A few weeks after filing the amicus brief in the Masterpiece Cakeshop case, the Trump Department of Justice rolled out a virulently anti-LGBTQ ‘religious liberty’ memo essentially realizing the fears every LGBTQ civil rights advocate warned about during the 2016 election cycle.

We wrote about the memo in October noting:

Capping off a week where the Department of Justice rescinded workplace protections for transgender people, Attorney General Jeff Sessions released a lengthy memo today outlining the DOJ’s intention to allow discrimination through use of ‘religious liberty’ exceptions. The wide-spanning memo never explicitly mentions LGBTQ people, but targets every industry and avenue LGBTQ people have been fighting legal roadblocks to promote equality.

In its multiple ‘key principle’ statements, the “Protections for Religious Liberty” memo essentially offers everyone from adoption agencies and universities to businesses and government entities a license to discriminate against LGBTQ people.

We actually pointed out the sections of the memo that explicitly apply to today’s news having expected Trump to continue moving the needle further away from LGBTQ protections.
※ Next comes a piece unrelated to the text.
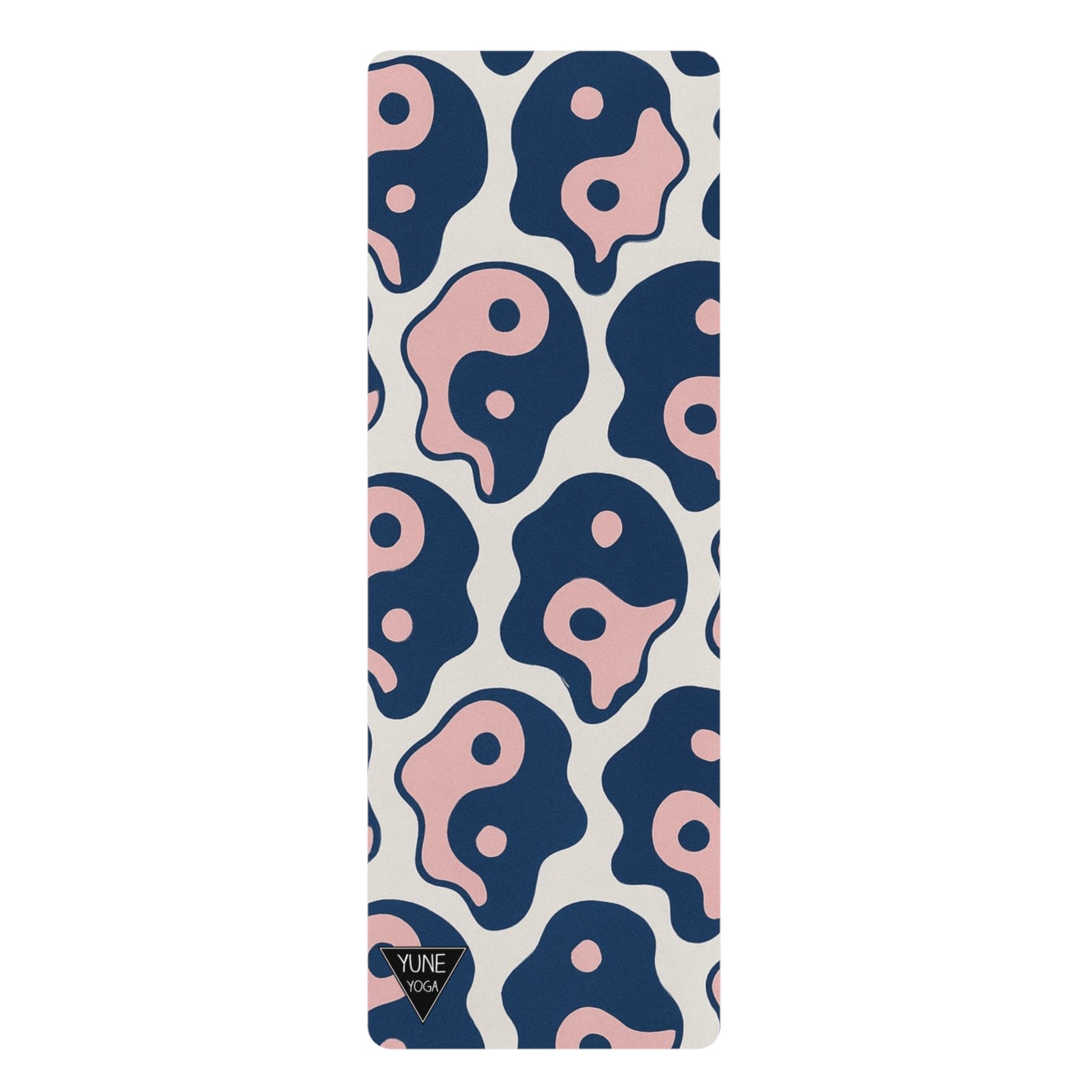 Yoga mat with blue and pink abstract pattern on a white background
Principles 11 and 13-15 of the memo read:

11. RFRA’s protection extends not just to individuals, but also to organizations, associations, and at least some for-profit corporations.

13. A governmental action substantially burdens an exercise of religion under RFRA if it bans an aspect of an adherent’s religious observance or practice, compels an act inconsistent with that observance or practice, or substantially pressures the adherent to modify such observance or practice.

14. Under RFRA, any government action that would substantially burden religious freedom is held to an exceptionally demanding standard.

15. RFRA applies even where a religious adherent seeks an exemption from a requirement to confer benefits on third parties.

While Principle 11 extends the federal Religious Freedom Restoration Act (RFRA) to businesses and individuals, the latter three principles offer guideposts for business owners on how to legally discriminate against members of the LGBTQ community.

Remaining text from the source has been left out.